Report: Bots and Money Drive Malware Threats
A new report from McAfee says bots and money-making schemes are driving malware expansion as "cybergangs" cooperate on long-term criminal strategies.
McAfee's anti-virus team says that bots are driving an overall increase in malware detected in the second quarter of 2005.
McAfee's AVERT team said it charted a 12 percent increase in the number of new "potentially unwanted programs" (PUPs), a category that includes viruses and worms as well as bots, spyware and adware.
"In just the first and second quarters of 2005, the number of exploited machines using backdoor techniques has increased over 63 percent from the total at the end of 2004," said Vincent Gullotto, vice president of McAfee AVERT in a statement. "This often resulted in spyware and adware being downloaded onto affected systems. Thus spyware has continued to be a major problem. There are four anti-spyware bills working their way through Congress to help tackle this growing problem, but we believe the problem is only going to get worse. Consumers and enterprises are becoming more and more aware of the need for various security technologies to protect their machines and networks."
According to AVERT, the top malicious threats in the second quarter of this year were Exploit-Byteverify, Mydoom, Mytob and Netsky.
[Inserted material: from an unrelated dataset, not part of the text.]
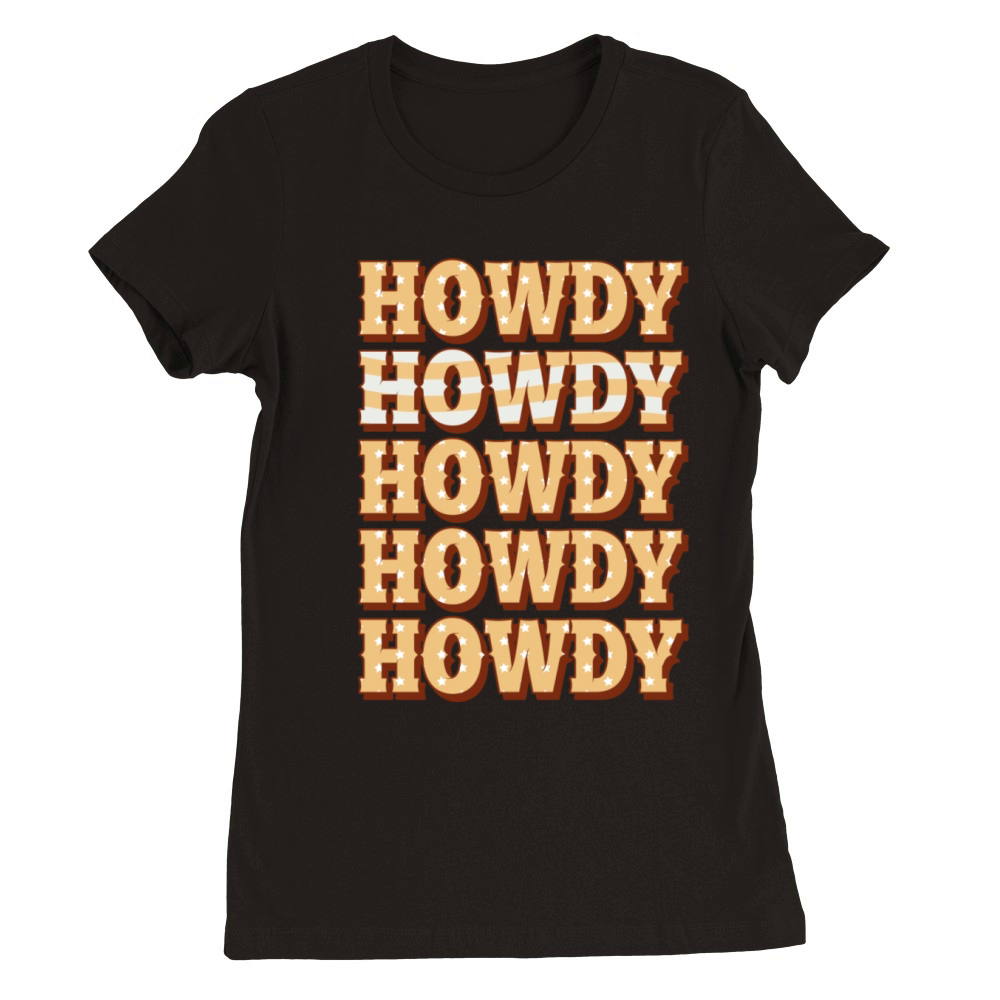 Vintage Howdy Southern Saying Country Lover Premium Womens Crewneck T-shirt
The company also said there was an increase in Bagle downloaders, which could release as many as eight variants in the duration of a few hours.
The company also reported that the number of bot-related cases increased by 303 percent from Q1 to Q2 2005 (from just over 3,000 cases to just under 13,000).
In addition to new emerging and more harmful threats, McAfee also reported an increase in money making cyber crime schemes:
"According to a recent Gartner report," the company said, "threats are moving toward databases, allowing hackers to gain complete control over a network or a personal computer. In turn, this allows the hacker to hijack confidential and personal information for ransom."
The company said a report it released June 5 of this year "suggests that there is a new hierarchy of cybercriminals, and that each level, from amateur to professional, has different tactics and motives. The most interesting development in recent years is cyber gangs, who sit at the top of this cybercrime chain. These advanced groups of career criminals and hackers agree to cooperate, plan and execute long term attack strategies that are of little interest to the socially-motivated hacker or script kiddy."
Finally, McAfee said "mobile viruses remain a growing threat," though the statement it released limited itself to proof-of-concept exploits and the discovery of vulnerabilities, not a detailed list of malware found in the wild.